The WGA strike is over, but the fallout from that and the ongoing SAG-AFTRA walkout continue to clobber film and TV production in Los Angeles. FilmLA reported today that on-location shooting days plunged again during the third quarter, dropping 41.4% over 2022 — the seventh consecutive quarterly decline.
Local production during the previous April-to-June quarter had fallen to the lowest levels since the early days of Covid.
The city and county film-permitted office said the steepest losses in the July-to-September period came from the near-complete shutdown of scripted television production in May. TV drama production dropped 99% from July through September (12 shoot days in 2023 vs. 1,198 in 2022), and TV comedy shoots plunged 99.4% (2 days vs. 352).
There were no TV pilots shot during Q3 as 97.3% of all TV filming for the period came from reality series, which made up 40.8% of all location shoots in L.A., including Vanderpump Rules, Basketball Wives and Real Murders of Los Angeles.
Film production also was hammered in the quarter, with a 54.6% decrease from 376 shoot days vs. 828 last year. Most feature projects filming during the summer were smaller indie productions, among a few moving forward under SAG-AFTRA interim agreements. Projects included Adult Best Friends, Don’t Trip, Eyes in the Trees, From Ashes, Isaac, Lake George, Roses on the Vine and Who Says You Can’t Go Home.
There was no filming on film or TV projects that qualify for the California Film & Television Tax Credit Programs in the Television categories.

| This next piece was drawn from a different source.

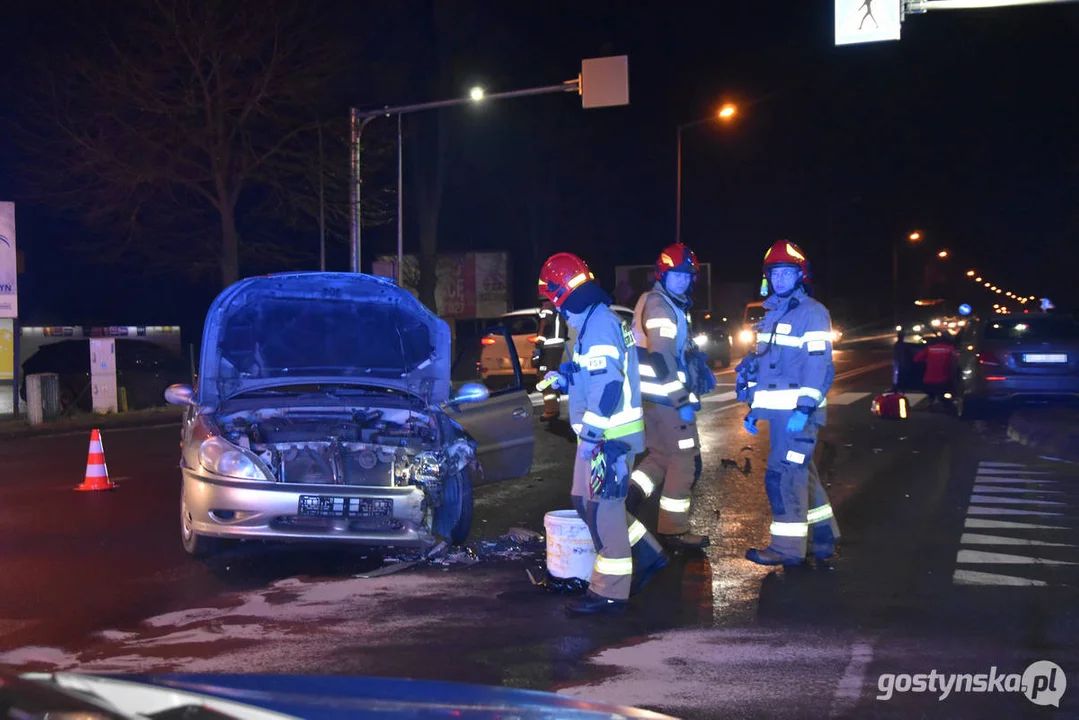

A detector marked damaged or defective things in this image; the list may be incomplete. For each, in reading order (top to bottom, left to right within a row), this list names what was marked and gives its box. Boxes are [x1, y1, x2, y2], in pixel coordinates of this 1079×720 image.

damaged silver car [165, 269, 535, 557]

“Sobering as these statistics are, production numbers are not the ultimate testimony of the importance of this industry to our region,” FilmLA president Paul Audley said. “There’s a deeper testimony that comes to us through stories of families, businesses, lives and jobs affected by the present downturn.”
Commercial production also continued to decline in Q3, falling 25.8% year-over-year to 758 shoot days. Although commercials are directly affected by the strikes, loss of production to rival cities is an ongoing concern.
“We take encouragement from the recent successes achieved by the WGA and AMPTP at the negotiating table,” Audley added. When remaining talks conclude and production returns under mutually agreeable terms, that will be welcome to us all.”